The door opened. The same Secret Service agent stepped in, followed by two other men in suits.
“Miss Jensen, these gentlemen are from the FBI. They’re here to take you into custody.”
One of them was already releasing her from the chair and cuffing her wrists afresh behind her back.
Margo looked around at the hard faces. Then she turned back to the Secret Service man. “Please. Even if they have to take me, you have to let Mr. Bundy know where I am. He’s going to be looking for me.”
“Somehow I doubt that.”
“Will you just try? It’s vital to—to the nation’s security.”

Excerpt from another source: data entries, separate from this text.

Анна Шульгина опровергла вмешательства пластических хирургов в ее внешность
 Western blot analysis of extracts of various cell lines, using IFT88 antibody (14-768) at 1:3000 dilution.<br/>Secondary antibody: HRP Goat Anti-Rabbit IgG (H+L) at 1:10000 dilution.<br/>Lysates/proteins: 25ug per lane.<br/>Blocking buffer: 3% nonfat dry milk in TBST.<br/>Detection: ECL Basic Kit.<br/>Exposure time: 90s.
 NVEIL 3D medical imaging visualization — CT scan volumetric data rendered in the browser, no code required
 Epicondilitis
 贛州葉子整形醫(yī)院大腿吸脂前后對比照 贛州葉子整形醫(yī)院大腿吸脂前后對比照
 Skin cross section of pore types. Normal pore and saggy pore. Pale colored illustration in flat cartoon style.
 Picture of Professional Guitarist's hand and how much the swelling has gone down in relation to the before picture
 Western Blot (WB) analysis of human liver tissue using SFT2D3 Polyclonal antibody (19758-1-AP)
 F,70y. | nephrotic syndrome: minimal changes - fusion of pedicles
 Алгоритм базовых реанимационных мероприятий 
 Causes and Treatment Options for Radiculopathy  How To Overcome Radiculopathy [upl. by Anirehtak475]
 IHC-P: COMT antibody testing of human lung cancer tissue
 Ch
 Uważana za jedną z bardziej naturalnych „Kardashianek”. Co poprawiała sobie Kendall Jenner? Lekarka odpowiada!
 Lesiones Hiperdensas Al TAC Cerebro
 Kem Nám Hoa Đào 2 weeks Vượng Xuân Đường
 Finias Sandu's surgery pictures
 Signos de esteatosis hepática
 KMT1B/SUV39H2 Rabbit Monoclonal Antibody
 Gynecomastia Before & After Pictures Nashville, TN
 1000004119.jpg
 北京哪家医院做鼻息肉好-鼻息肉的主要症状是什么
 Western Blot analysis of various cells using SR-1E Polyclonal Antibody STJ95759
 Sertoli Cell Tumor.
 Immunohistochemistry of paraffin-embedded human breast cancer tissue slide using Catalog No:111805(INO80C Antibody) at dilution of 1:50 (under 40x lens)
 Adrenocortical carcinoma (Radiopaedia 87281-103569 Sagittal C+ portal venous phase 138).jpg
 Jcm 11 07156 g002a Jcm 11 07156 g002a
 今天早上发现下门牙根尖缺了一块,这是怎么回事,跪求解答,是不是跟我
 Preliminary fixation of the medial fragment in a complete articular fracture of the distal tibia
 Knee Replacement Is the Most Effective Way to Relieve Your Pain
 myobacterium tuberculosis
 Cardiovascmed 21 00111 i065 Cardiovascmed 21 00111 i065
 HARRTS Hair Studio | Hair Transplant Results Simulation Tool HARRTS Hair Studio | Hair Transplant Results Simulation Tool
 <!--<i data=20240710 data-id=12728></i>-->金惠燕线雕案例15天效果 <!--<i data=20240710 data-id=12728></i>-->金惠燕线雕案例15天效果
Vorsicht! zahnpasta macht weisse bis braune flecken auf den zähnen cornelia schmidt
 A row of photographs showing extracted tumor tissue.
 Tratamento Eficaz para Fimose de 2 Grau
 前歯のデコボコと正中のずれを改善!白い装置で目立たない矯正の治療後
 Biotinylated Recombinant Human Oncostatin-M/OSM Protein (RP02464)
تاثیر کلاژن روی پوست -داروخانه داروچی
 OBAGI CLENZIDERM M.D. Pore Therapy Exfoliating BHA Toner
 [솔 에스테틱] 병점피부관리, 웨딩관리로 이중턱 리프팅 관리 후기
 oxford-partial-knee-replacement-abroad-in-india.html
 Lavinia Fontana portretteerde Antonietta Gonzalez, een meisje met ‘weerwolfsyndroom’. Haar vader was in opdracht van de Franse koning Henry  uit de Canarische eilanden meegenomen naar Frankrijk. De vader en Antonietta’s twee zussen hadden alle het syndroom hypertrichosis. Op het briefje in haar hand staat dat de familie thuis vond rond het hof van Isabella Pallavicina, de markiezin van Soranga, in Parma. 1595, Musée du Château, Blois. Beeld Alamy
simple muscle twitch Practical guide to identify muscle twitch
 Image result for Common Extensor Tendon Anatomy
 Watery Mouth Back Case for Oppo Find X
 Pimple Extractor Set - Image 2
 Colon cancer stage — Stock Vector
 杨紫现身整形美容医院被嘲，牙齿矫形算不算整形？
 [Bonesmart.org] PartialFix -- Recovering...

“Miss Jensen, believe it or not, with the missiles in Cuba, the President’s special assistant for national security affairs has bigger things on his mind than your fate. Now, please don’t make any trouble.”
III
It took longer than the chief usher estimated to gather all the Negro women who worked at the White House to the East Room. Esman, whose parents had marched for civil rights in the 1950s, and whose sister had been beaten during last year’s Freedom Rides, was offended. The young man admired everything about his boss except a single-mindedness of purpose that distracted him from ordinary moral concerns.
“Let them leave,” he told the agent on duty, a pleasant Georgian in his late thirties called Youngblood.
As the women filed out, some bemused and some angry, he kept a lookout for anyone who matched the photograph he held in his hand, but nobody did.